- [What to produce]
Would you retype exactly the lines below, starting with the one that has "コリンボ アウター COLIMBO" and going on through the one that has "Welcome to 1120", with no pictures and nothing else?

- [Data under study]
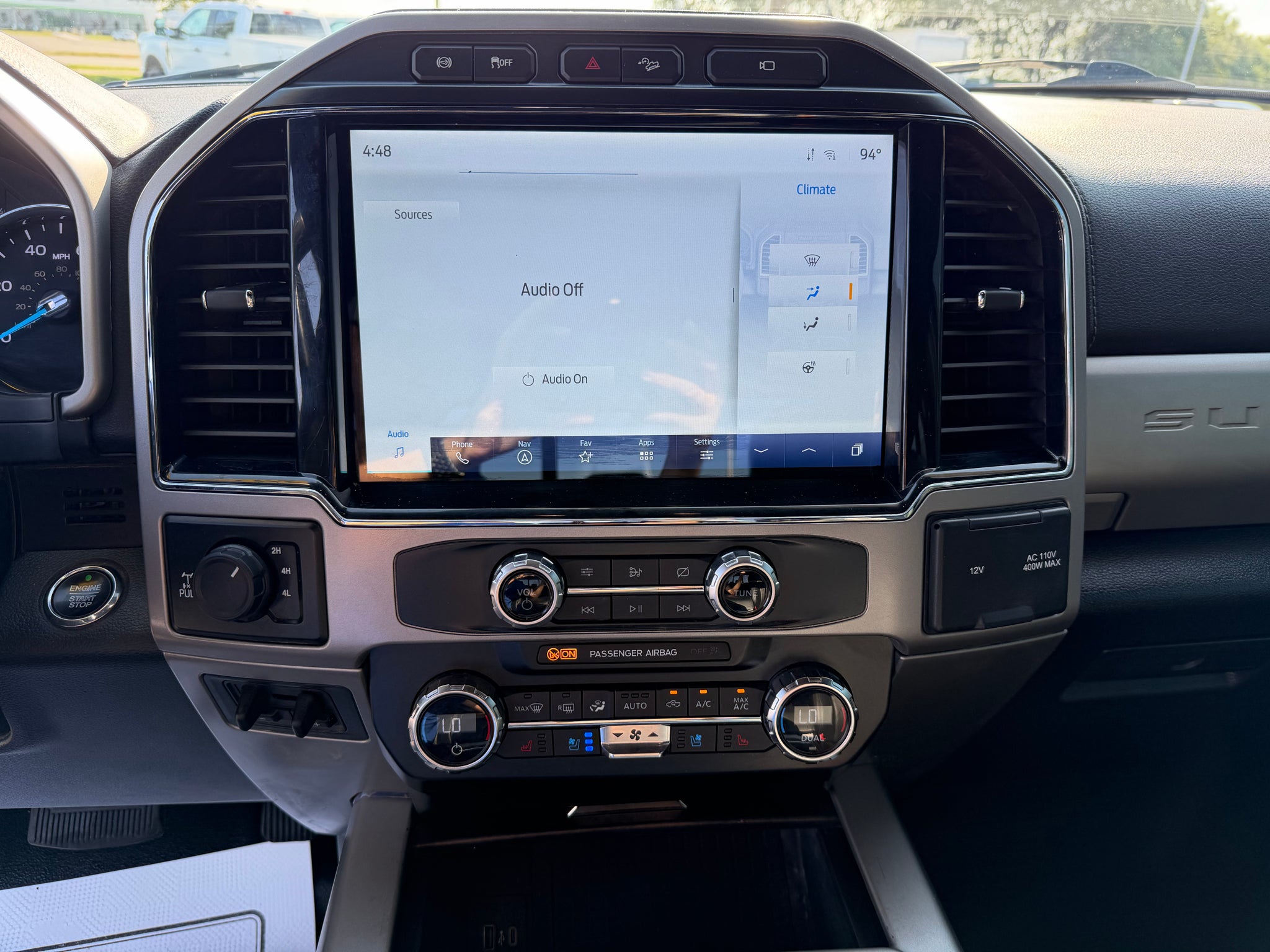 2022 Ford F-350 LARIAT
* * *
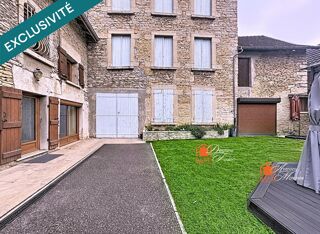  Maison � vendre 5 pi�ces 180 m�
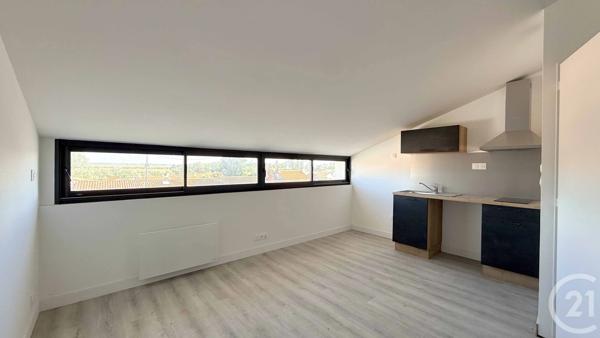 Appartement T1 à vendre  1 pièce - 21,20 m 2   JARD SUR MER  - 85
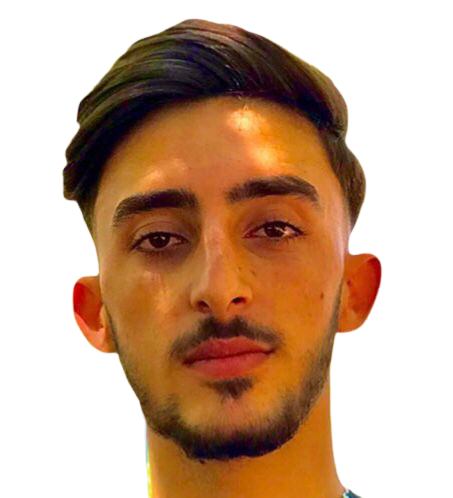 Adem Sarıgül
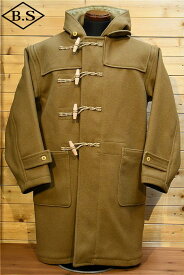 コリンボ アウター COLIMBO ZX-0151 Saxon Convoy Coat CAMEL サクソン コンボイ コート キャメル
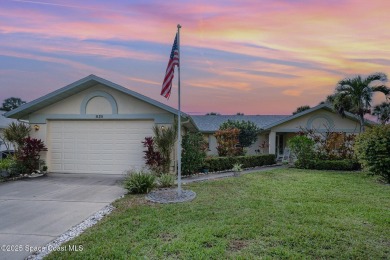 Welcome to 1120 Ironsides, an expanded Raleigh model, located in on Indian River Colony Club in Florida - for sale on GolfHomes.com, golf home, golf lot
==
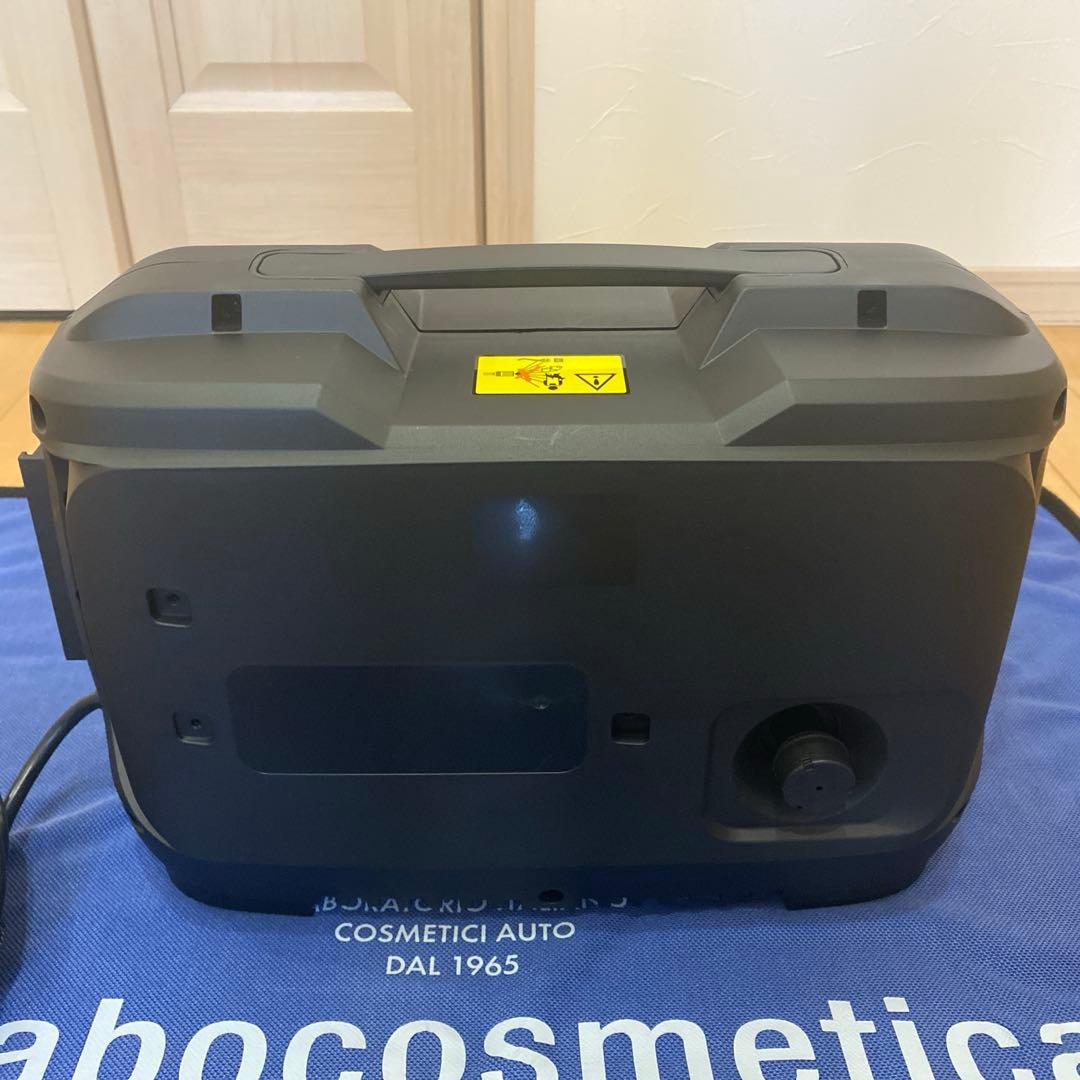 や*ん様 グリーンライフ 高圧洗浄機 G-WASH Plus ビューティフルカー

- [Response to the exercise]
 コリンボ アウター COLIMBO ZX-0151 Saxon Convoy Coat CAMEL サクソン コンボイ コート キャメル
 Welcome to 1120 Ironsides, an expanded Raleigh model, located in on Indian River Colony Club in Florida - for sale on GolfHomes.com, golf home, golf lot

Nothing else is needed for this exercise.